What you will do:
What does the data read, word for word, from the line containing "Plush Cat Keychain" through its final line? Give those lines only.

Source information:
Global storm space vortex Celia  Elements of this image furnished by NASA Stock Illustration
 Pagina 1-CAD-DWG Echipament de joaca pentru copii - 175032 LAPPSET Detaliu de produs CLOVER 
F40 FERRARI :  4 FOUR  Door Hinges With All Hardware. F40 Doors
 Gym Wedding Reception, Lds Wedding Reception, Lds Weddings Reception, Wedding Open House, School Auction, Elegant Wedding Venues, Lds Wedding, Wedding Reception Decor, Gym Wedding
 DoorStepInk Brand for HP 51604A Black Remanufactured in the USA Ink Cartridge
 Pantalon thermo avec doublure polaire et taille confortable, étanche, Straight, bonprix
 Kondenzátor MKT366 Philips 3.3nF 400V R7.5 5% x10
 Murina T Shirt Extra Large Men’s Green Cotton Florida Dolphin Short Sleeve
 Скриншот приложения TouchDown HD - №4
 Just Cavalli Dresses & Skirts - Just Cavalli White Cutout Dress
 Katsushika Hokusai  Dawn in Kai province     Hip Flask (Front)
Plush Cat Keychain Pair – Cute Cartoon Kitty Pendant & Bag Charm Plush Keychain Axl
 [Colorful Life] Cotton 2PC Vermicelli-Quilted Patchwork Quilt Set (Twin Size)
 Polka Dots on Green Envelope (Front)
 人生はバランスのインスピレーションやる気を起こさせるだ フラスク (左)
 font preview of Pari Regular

Result for this exercise:
Plush Cat Keychain Pair – Cute Cartoon Kitty Pendant & Bag Charm Plush Keychain Axl
 [Colorful Life] Cotton 2PC Vermicelli-Quilted Patchwork Quilt Set (Twin Size)
 Polka Dots on Green Envelope (Front)
 人生はバランスのインスピレーションやる気を起こさせるだ フラスク (左)
 font preview of Pari Regular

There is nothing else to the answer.